GENEL - 27 Ekim 2020 Salı 17:26

Karadeniz gazı Tuz Gölü Yeraltı Depolama sahasında depolanacak

A
A
A
Karadeniz gazı Tuz Gölü Yeraltı Depolama sahasında depolanacak

Enerji ve Tabii Kaynaklar Bakanı Fatih Dönmez, Tuz Gölü Yeraltı Doğal gaz Depolama Genişletme Proje Sahası incelemesinde yaptığı açıklamada, “Hedefimiz 2023’te, Cumhuriyetimizin 100’üncü yılında bu projeleri hayata geçirmek" dedi.

Enerji ve Tabii Kaynaklar Bakanı Fatih Dönmez, Tuz Gölü Yeraltı Doğal gaz Depolama Genişletme Proje Sahası incelemesinde yaptığı açıklamada, “Hedefimiz 2023’te, Cumhuriyetimizin 100’üncü yılında bu projeleri hayata geçirmek" dedi. Bakan Dönmez, "Burası da 2023 itibari ile işletmeye geçecek. Oradan ürettiğimiz gazı özellikle yaz aylarında tüketimi düşük olduğu anlarda bu depolarımızda depolamış, stoklamış olacağız. O açıdan kaynak, tüketim ve depo dengesi açısından bu proje son derece stratejik bir konumda" ifadelerini kullandı.
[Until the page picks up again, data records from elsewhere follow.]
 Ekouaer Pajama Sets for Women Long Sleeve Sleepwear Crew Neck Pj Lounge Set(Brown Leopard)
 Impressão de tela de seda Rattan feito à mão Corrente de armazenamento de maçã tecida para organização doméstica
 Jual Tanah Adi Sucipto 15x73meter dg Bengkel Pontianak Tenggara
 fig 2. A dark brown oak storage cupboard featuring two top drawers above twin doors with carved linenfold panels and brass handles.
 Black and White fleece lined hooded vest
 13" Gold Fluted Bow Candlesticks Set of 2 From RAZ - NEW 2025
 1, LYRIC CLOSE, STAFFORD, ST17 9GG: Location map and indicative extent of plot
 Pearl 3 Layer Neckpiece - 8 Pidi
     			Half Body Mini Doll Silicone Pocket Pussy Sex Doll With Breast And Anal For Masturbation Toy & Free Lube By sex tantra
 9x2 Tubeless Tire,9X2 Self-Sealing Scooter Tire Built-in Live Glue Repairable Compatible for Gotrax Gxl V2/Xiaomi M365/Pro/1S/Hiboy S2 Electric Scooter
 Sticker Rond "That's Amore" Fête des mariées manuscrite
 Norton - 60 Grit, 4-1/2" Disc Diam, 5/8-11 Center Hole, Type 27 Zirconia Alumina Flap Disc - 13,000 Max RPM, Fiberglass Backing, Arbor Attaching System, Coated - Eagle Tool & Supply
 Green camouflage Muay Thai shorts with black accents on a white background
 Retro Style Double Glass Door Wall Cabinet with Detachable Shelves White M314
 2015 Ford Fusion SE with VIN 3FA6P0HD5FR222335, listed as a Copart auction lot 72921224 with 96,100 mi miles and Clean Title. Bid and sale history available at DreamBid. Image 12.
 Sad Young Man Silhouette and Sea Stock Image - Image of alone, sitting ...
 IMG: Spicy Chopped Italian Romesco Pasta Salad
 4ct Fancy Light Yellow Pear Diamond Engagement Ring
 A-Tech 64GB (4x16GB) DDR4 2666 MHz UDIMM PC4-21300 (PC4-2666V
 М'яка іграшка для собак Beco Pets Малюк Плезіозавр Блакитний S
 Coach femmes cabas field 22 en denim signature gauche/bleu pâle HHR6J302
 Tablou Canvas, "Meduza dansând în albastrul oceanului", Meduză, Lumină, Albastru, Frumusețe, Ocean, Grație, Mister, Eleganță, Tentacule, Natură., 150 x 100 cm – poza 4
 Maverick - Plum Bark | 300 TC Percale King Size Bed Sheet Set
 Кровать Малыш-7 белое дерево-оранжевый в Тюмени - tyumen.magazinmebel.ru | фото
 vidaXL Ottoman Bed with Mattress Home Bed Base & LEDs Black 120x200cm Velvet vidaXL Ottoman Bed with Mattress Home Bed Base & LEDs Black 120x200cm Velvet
Tuz Gölü Yeraltı Doğal gaz Depolama Genişletme Proje Sahası gezisi için Aksaray’a gelen Enerji ve Tabii Kaynaklar Bakanı Fatih Dönmez depo ve sondaj alanlarında incelemelerde bulundu. Burada yaptığı açıklamada Türkiye’nin en büyük depolama tesisi olduğuna dikkat çeken Bakan Dönmez, “2017 yılında Cumhurbaşkanımızın teşrifleriyle ilk gaz verme törenini yine burada yapmıştık. İçinde bulunduğumuz mevsim itibari ile kalan diğer 6 kavernanın da ilk gaz verme işlemlerini an itibari ile başlatıyoruz. İnşallah onlar da önümüzdeki Nisan’a kadar dolmuş olacak. Öte taraftan geçtiğimiz yıl bu projenin kapasite genişletme işinin ihalesini yapmış ve temelini atmıştık. Onunla birlikte 1.2 milyar metreküplük kapasiteyi 5.4 milyar metreküpe çıkarmış olacağız. Öte yandan Silivri’de yine devam eden çalışmamız var. Orada da şu anda mevcut haliyle yaklaşık 3.5 milyar metreküp yeraltı depolamamız var. Orayı da 4.5 milyar metreküplere çıkartmış olacağız. Bu 2 proje de bittiğinde Türkiye’de 10 milyar metreküplük doğalgaz depolama kapasitesine ulaşmış olacağız. Hedefimiz 2023’te, Cumhuriyetimizin 100’üncü yılında bu projeleri hayata geçirmek. Bu projede bin 200 ile bin 500 insanımız çalışıyor. Yerli yabancı insanlarımız var ama büyük bir kısmı yerli insan kaynağımızdan oluşuyor” dedi.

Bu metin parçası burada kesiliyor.